====== MATERIAL TO PROCESS

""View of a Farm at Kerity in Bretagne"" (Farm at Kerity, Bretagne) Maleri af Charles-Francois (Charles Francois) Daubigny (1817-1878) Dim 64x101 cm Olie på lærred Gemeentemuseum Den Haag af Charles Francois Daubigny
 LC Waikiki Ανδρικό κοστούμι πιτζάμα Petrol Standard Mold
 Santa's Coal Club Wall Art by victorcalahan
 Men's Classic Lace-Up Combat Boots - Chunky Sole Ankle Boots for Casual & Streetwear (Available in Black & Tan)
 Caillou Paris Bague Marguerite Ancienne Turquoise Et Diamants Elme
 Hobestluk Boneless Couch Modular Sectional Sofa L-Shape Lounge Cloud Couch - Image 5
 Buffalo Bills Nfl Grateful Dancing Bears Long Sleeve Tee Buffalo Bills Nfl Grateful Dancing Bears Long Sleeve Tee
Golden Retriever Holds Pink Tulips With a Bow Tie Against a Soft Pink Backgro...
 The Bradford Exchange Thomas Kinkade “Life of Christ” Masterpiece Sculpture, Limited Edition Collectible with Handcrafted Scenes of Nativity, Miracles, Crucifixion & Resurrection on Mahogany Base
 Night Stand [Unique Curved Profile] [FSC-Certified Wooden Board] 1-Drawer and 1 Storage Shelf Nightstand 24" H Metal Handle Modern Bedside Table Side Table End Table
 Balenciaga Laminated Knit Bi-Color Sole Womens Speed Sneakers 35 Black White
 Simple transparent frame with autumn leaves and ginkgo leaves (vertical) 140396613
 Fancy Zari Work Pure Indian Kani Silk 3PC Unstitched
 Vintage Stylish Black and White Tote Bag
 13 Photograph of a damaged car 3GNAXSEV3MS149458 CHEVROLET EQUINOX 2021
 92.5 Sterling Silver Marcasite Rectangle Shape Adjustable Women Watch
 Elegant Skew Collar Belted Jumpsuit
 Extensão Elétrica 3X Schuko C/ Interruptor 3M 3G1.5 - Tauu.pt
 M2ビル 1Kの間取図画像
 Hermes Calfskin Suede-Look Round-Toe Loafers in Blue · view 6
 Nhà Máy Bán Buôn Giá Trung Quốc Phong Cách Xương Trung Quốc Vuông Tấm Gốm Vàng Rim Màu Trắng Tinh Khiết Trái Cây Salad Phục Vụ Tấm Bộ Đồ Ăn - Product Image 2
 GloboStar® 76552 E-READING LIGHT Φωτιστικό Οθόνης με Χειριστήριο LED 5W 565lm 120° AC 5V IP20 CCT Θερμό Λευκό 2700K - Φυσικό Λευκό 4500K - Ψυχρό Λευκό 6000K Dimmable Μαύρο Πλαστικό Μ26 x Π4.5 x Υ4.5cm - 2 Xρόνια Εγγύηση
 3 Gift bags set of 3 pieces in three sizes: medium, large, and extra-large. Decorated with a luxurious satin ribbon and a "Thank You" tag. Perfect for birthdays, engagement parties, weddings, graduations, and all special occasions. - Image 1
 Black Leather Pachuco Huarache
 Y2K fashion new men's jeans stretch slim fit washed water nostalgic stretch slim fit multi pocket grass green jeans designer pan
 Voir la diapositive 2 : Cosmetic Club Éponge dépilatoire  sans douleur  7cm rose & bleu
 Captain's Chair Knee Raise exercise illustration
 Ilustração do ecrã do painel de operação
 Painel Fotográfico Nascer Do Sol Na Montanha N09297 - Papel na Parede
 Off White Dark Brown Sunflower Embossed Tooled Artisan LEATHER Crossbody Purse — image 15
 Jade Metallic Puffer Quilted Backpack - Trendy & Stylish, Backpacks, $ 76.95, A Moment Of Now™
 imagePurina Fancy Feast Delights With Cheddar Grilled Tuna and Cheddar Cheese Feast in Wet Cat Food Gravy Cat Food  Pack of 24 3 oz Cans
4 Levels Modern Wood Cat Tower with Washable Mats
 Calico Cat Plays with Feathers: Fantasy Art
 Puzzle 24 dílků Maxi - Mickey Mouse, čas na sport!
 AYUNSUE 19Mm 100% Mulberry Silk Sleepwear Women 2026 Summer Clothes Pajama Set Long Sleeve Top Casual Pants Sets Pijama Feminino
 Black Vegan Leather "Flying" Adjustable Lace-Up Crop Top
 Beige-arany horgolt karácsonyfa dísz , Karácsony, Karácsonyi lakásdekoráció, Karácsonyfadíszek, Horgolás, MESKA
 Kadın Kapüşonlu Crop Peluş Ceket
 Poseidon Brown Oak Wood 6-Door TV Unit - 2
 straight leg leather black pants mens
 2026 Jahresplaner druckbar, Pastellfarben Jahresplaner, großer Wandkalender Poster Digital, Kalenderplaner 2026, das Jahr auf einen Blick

============

▶ [DIRECTIONS]:
Will you return exactly the lines above from the one with "The Bradford Exchange" down to the one with "Fancy Zari Work", counting both as part of the range?

▶ [ANSWER TO THE EXERCISE]:
 The Bradford Exchange Thomas Kinkade “Life of Christ” Masterpiece Sculpture, Limited Edition Collectible with Handcrafted Scenes of Nativity, Miracles, Crucifixion & Resurrection on Mahogany Base
 Night Stand [Unique Curved Profile] [FSC-Certified Wooden Board] 1-Drawer and 1 Storage Shelf Nightstand 24" H Metal Handle Modern Bedside Table Side Table End Table
 Balenciaga Laminated Knit Bi-Color Sole Womens Speed Sneakers 35 Black White
 Simple transparent frame with autumn leaves and ginkgo leaves (vertical) 140396613
 Fancy Zari Work Pure Indian Kani Silk 3PC Unstitched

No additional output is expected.